2026/3/27
武田邦彦氏の講義「『今だけ・金だけ・自分だけ』中国が台湾を狙う本当の理由とは?」の内容を、書き起こしに基づき厳密に箇条書きでまとめます。
・絶え間ない紛争: 第1次・第2次世界大戦を通じて全人口の3分の1が犠牲になるほどの惨劇を経験したヨーロッパは、戦争を回避するためにEUを創設した。
・共通の枠組み: 通貨(ユーロ)を統一し、パスポートなしで国境を越えられるようにすることで「一つの国」のような状態を目指したが、歴史的にはウエストファリア条約以降もナポレオンやヒトラーの出現を止められなかった。
・日本の特異性: 世界中で戦争が絶えない中、日本は歴史的に戦争と無関係であった期間が非常に長く、稀有な平和国家としての歴史を持っている。
・縦の思考(日本的): 祖父母から孫へと続く時間の永続性の中で物事を考える。歴史的経緯や過去の約束を重視する。
・横の思考(中国的): 「今だけ・金だけ・自分だけ」の価値観に基づき、現在の自分たちが得をするかどうかが全ての判断基準となる。
・尖閣諸島の事例: 1970年頃まで中国政府は尖閣諸島を日本領と認めていたが、海底資源が見つかった途端に自国領と主張し始めた。これは過去の発言よりも「今の利益」を優先する「横の思考」の典型である。
・明・清時代の検証: 明の時代まで台湾は事実上の独立状態(国がない状態)であった。清(しん)の時代に中国の一部とされることもあるが、清は「女真族(外人)」による王朝であり、漢民族の国家ではないため、現在の中国がその継承権を主張するのは論理的に矛盾がある。
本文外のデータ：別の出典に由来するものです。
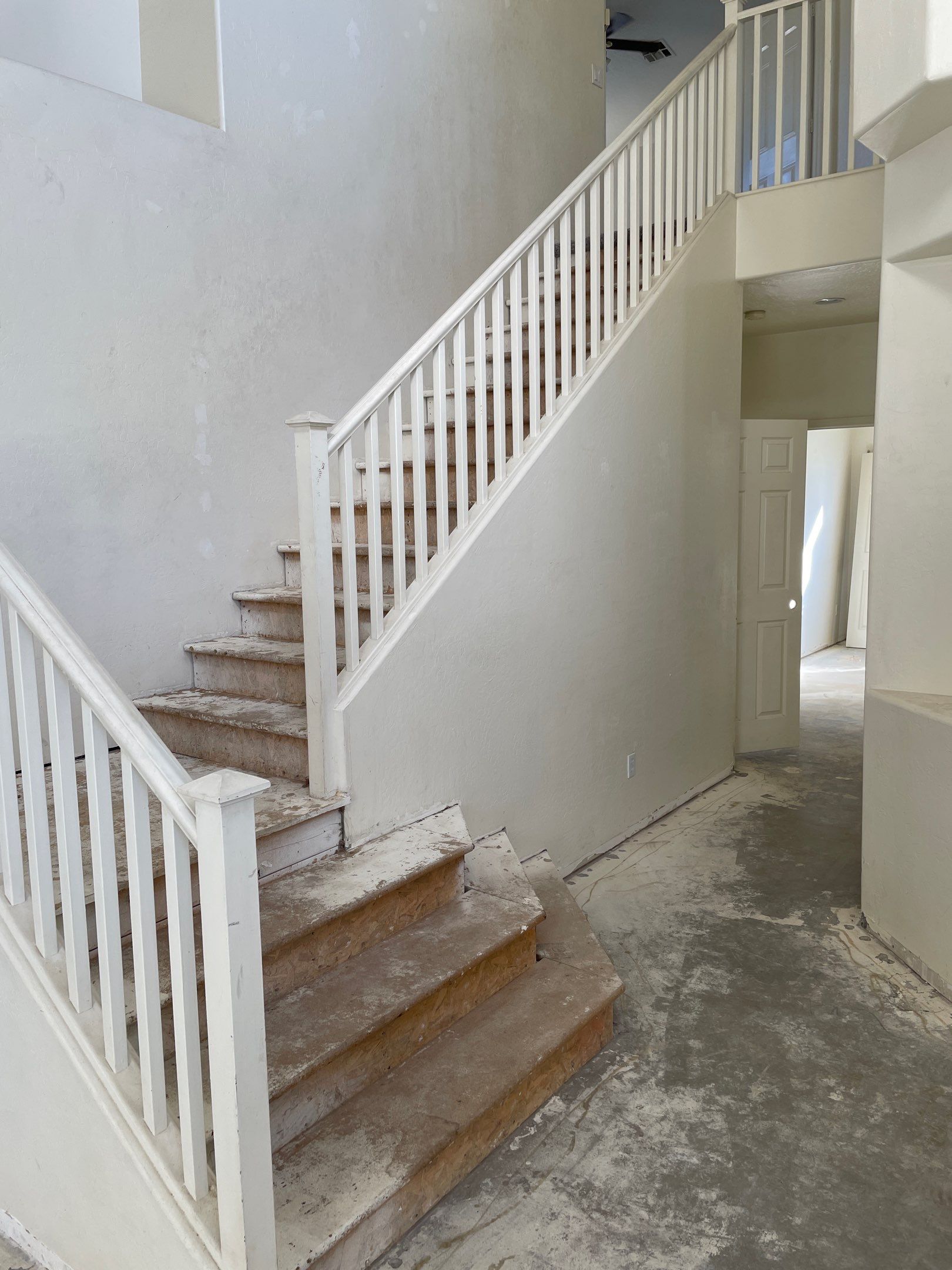 Laminate Staircase and Flooring  by Footprints Floors of Chandler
・明治時代の帰属決定: 1870年代、台湾に漂着した日本人が殺害された際、日本政府が清に抗議したところ、清側は「台湾は管轄外(関係ない)」と回答し、駐屯地を引き上げた。これにより台湾は日本の領土として統治が始まり、近代的な政府機能が整えられた。
・第2次大戦後の曖昧さ: 日本は敗戦により台湾を放棄したが、その後の帰属先(中国のものか否か)は国際法的にもNHKやメディアが詳しく解説すべき「曖昧な点」として残っている。
・地政学的戦略: 台湾が中国の一部になれば、中国海軍は太平洋へ自由に出撃できるようになる。
・資源と主権: 「台湾は中国の一部」という主張の根底にあるのは歴史的真実ではなく、軍事的・経済的に「今、手に入れるのが得である」という実利の論理である。
・「中国人」による統治期間: 歴史を面積と時間で計算すると、現在の中国領土が漢民族(中国人)のものであった期間は約45%に過ぎず、残りの55%はモンゴル族や女真族などの「外人」に占領されていた期間である。
・定義の欠如: 「中国」という言葉が何を指すのか(土地か、民族か、現政権か)が曖昧なまま議論をしても、日本人と中国人の意思疎通は不可能である。
・幸福への道: 人を批判したり悪口を言ったりすることは時間の無駄であり、自分を不幸にする。
・知識の共有: 「台湾とは何か」「中国とは何か」を感情的にならずに深く考え、定義を一致させることで、初めて軍事力によらない解決の糸口が見えてくる。
武田先生は、中国の行動を「歴史的な野心」ではなく「現代の利益追求」という極めてドライな視点から分析されています。